◆ **Aim of the exercise**
Although the listing contains pictures, reproduce only its text, exactly as written.

─── Records ───

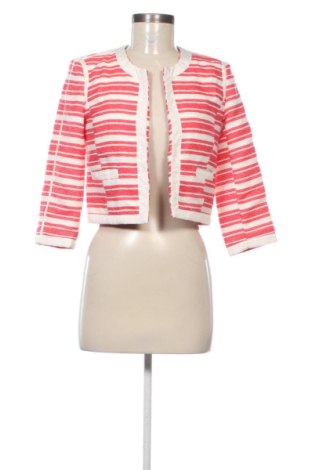 Sacou de femei Motivi, Mărime XXS, Culoare Multicolor, Preț 259,99 Lei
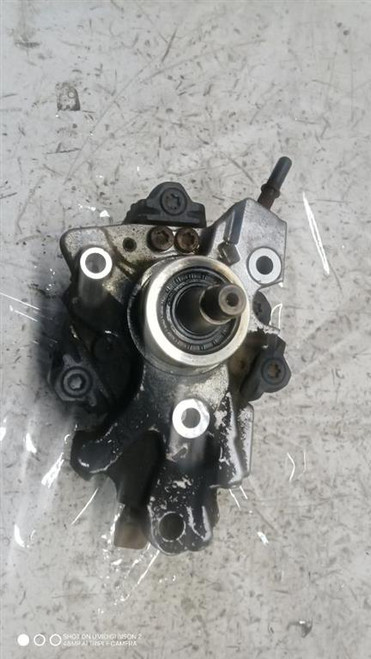 KIA RIO «III» (2012) SCARICO E INIEZIONE POMPA INIEZIONE USATO Da 2011 A 2014 [[287215]]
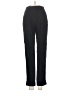 Theory 100% Rayon Solid Black Active Pants Size 00 - photo 1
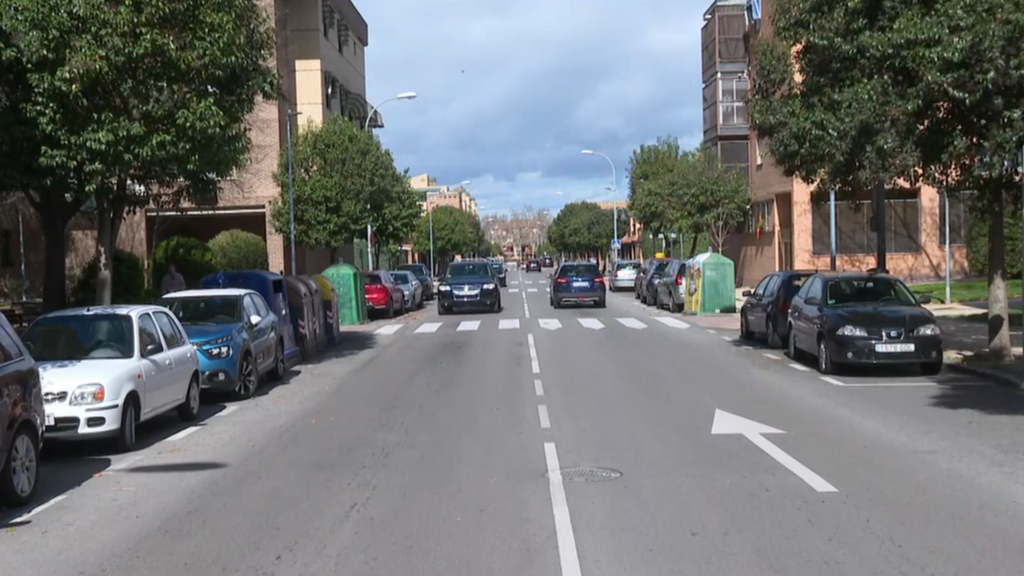 En Pinto, Madrid, los semáforos son historia: quitaron el último hace 18 años y la clave son las rotondas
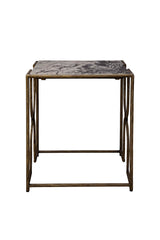sandra-end-table-60-155-1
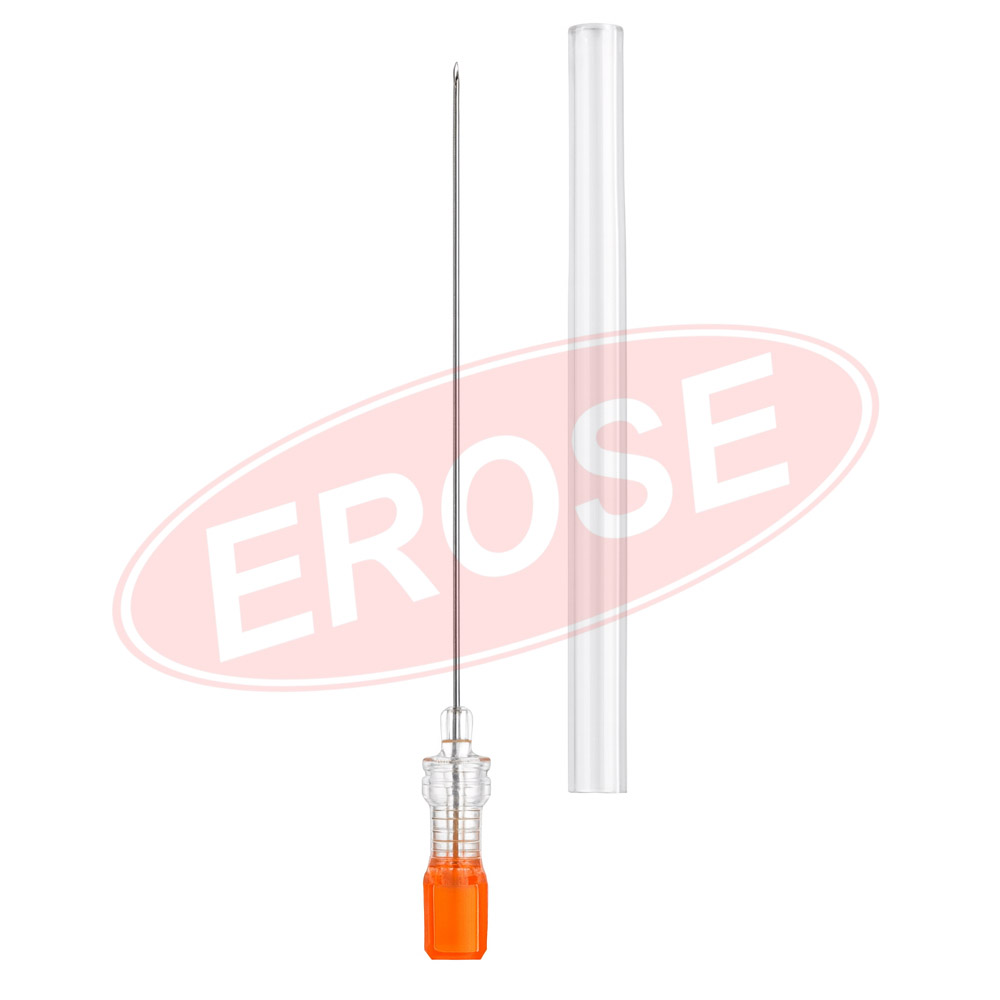 Spinal Needle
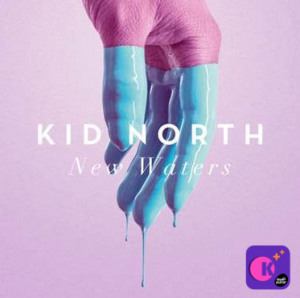 Kid North OK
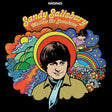 Sandy Salisbury - Mellow as sunshine (CD) - Velvet Music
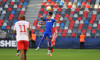 FOTBAL:STEAUA BUCURESTI-UTA ARAD, CUPA ROMANIEI BETANO (26.08.2025)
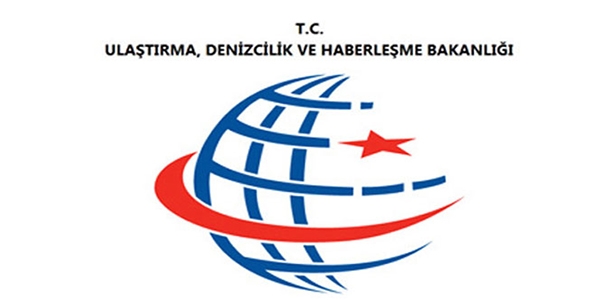 Ulaştırma Bakanlığı'ndan HGS açıklaması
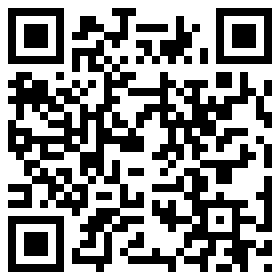 qrcode für HPE HP8A8E SVCS 5Y FC CTR WCDMR ARUBA2930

───

◆ **Answer to this task**
 Sacou de femei Motivi, Mărime XXS, Culoare Multicolor, Preț 259,99 Lei
 KIA RIO «III» (2012) SCARICO E INIEZIONE POMPA INIEZIONE USATO Da 2011 A 2014 [[287215]]
 Theory 100% Rayon Solid Black Active Pants Size 00 - photo 1
 En Pinto, Madrid, los semáforos son historia: quitaron el último hace 18 años y la clave son las rotondas
sandra-end-table-60-155-1
 Spinal Needle
 Kid North OK
 Sandy Salisbury - Mellow as sunshine (CD) - Velvet Music
 FOTBAL:STEAUA BUCURESTI-UTA ARAD, CUPA ROMANIEI BETANO (26.08.2025)
 Ulaştırma Bakanlığı'ndan HGS açıklaması
 qrcode für HPE HP8A8E SVCS 5Y FC CTR WCDMR ARUBA2930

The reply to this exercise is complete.